Opening on Saturday, March 2, 2024 from 6 to 8 pm
Almine Rech Paris is pleased to present A Moving Window, Heather Day's first solo exhibition with the gallery, on view from March 2 to April 20, 2024.
Heather Day makes large-scale abstract canvases dappled with the transmuting shades of the natural world. Far from literal evocations of the infinitely mutable atmospheric conditions that she observes at dawn and dusk in her high desert studio, Day’s works take apart and reassemble the medium in order to obliquely but evocatively depict the passing of time and the shifting of seasons. Titled A Moving Window, this exhibition explores the artist’s immersion in the quotidian yet profound environmental changes that happen every day outside her window. This presentation includes a new group of works from Day’s “Scattering Light” series, first begun in 2022, that examines the ways in which light is refracted through cloud formations. The artist probes the myriad ways that elevation and wavelength impact how this light is received by the human eye. With her saturated, pooling hues of deep red, blue, and orange, the artist interrogates how color and light leave an emotional residue, how sensory perception is intimately entwined with memory and affect.

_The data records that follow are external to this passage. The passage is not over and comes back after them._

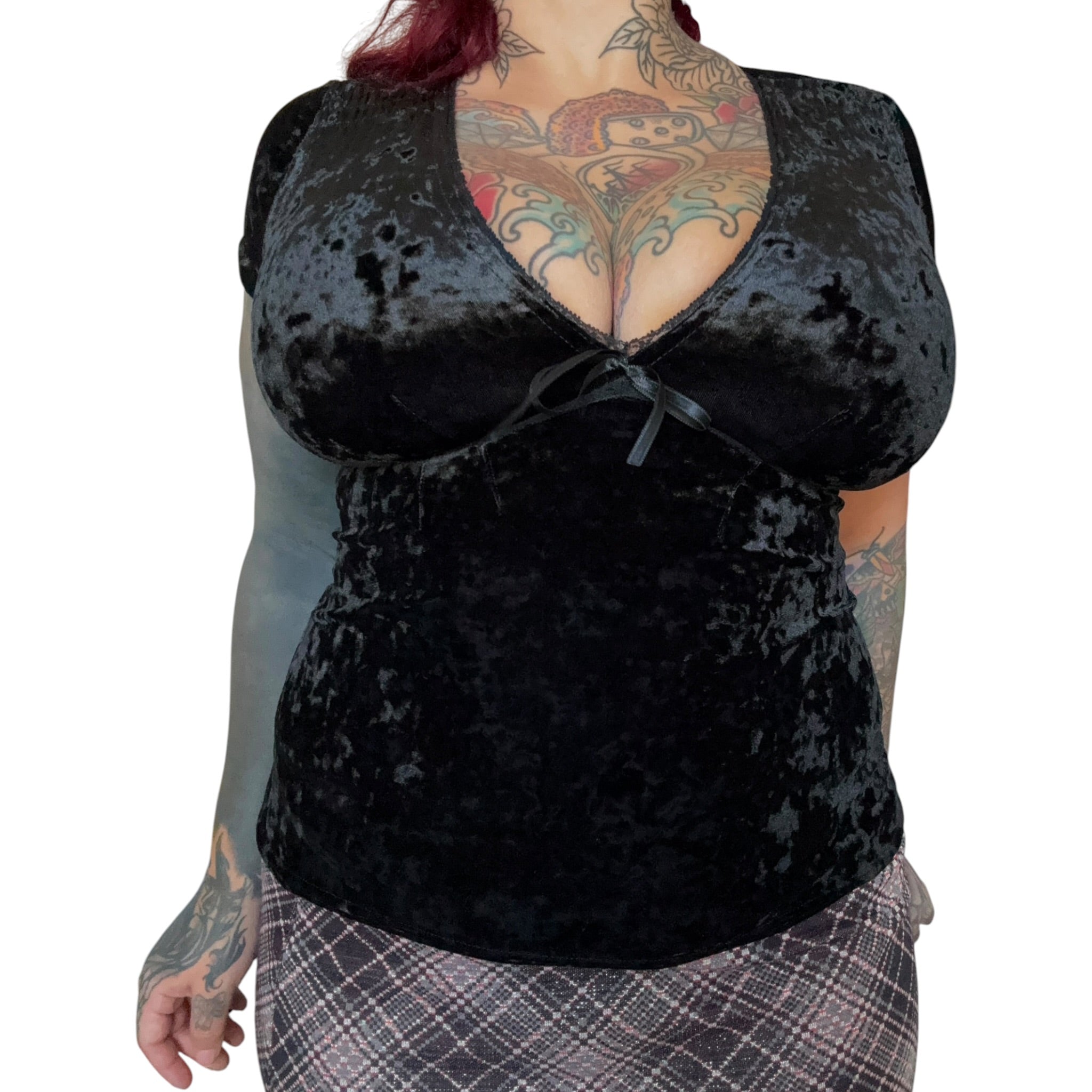 Euro vintage black crushed-velvet babydoll top (S)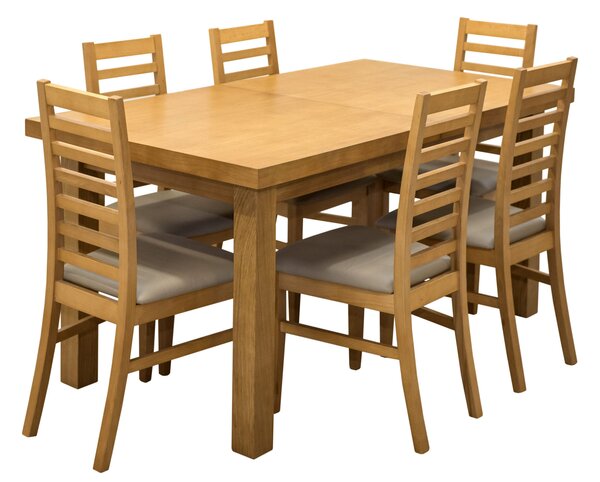 ZESTAW MEBLI Stół Orfeusz SW3 160/90 + 2x40 cm + 6 krzeseł KW83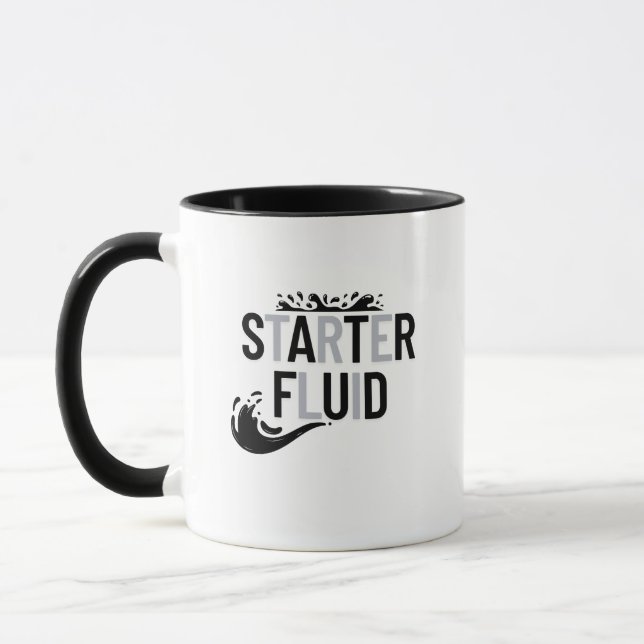 Mug STARTER FLUID Fun Moderne Tendance Typographie Cit (Gauche)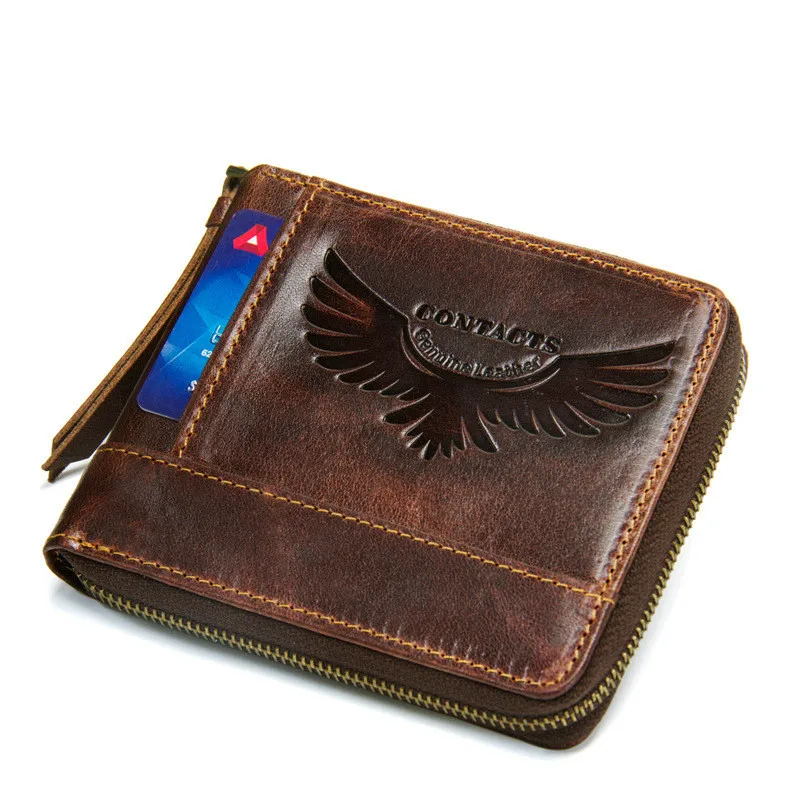 

Man Wallet Genuine Leather Short A Mad Cowhide Zipper Small Change Package purse men wallets billetera hombre Best Free shipping
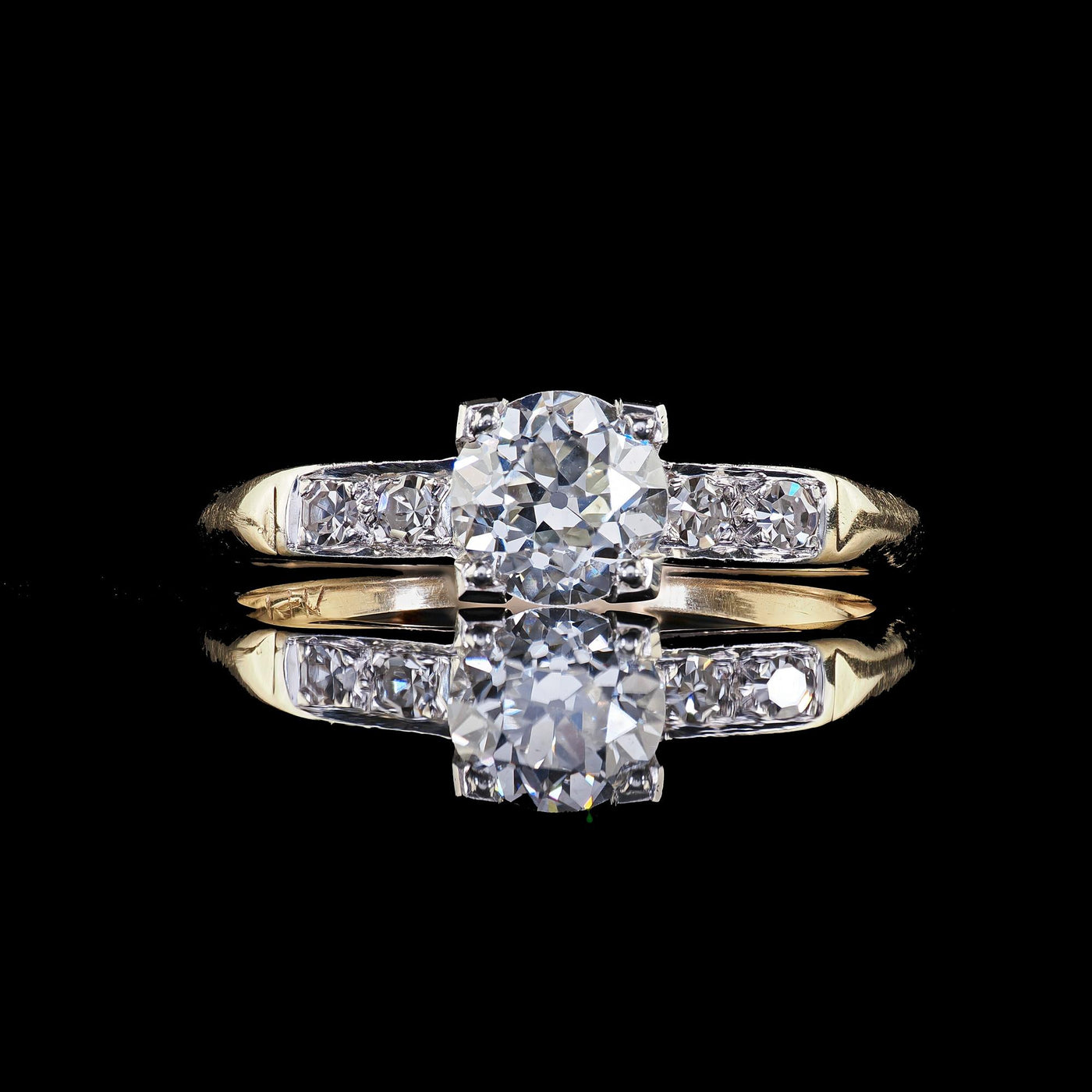 Antique Art Deco 14K Yellow Gold Old European Cut Diamond Engagement Ring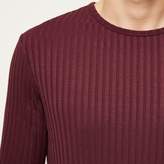 Thumbnail for your product : River Island Mens Burgundy chunky ribbed slim fit top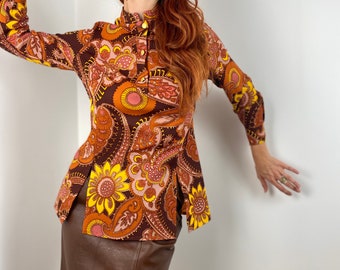 Vintage 70s Paisley Print Blouse / Tunic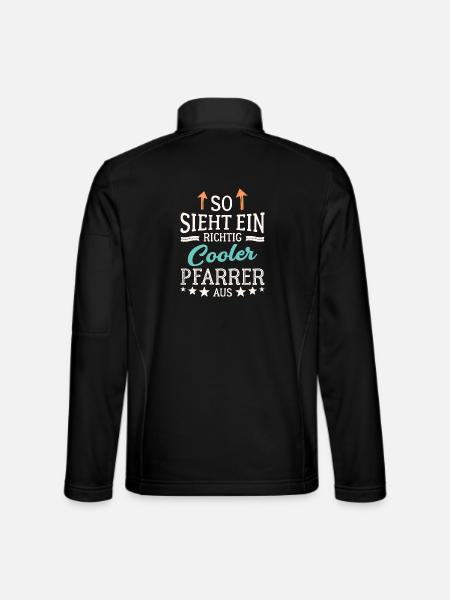 So sieht ein richtig cooler Pfarrer aus Pastor - Unisex Softshelljacke - Schwarz - Hinten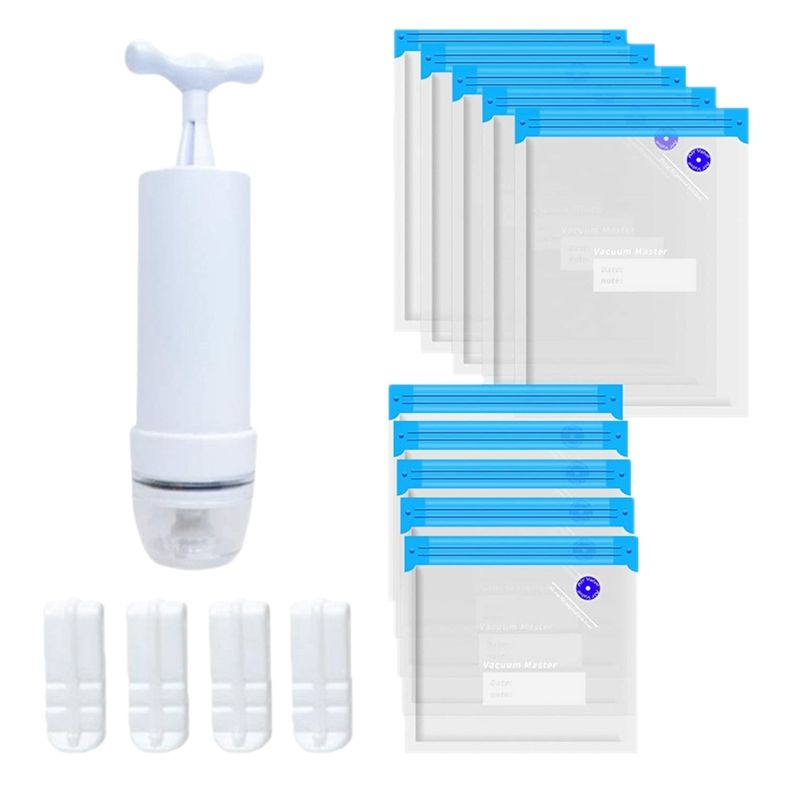 BRADOO-Sous Vide Bags 15Pack Reusable Electric Vacuum Food Storage Save Sealer Cooker with 1 Hand Pump,2 Size Sealed Bag,4 Clip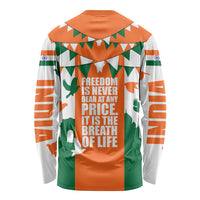 India Patriotic Freedom Long Sleeve Shirt Flag Colors Raised Fist Typography Graphic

Working in the legacy of abstract expressionist Color Field painting, Day starts by pouring acrylic over the surface, allowing the pigment to wash and puddle. As she adds different colors, the tints spread and interact with each other, spurring alchemical interactions that are shaped by humidity and the hour of the day. Utilizing supports that far exceed her own height, the artist performatively engages her compositions, continually moving and shifting the canvas, which acts as a stage for not only basins of paint, but the outsized brush marks that sweep briskly across negative space. In some stretches, Day’s stains rest thinly on the canvas, the texture of dyed fabric. In other sections, multiple layers of coloring result in thick heaps. The tension between these consistencies propels the eye around the frame, as do the final chunky dashes and scrapes of paint that dot the surface.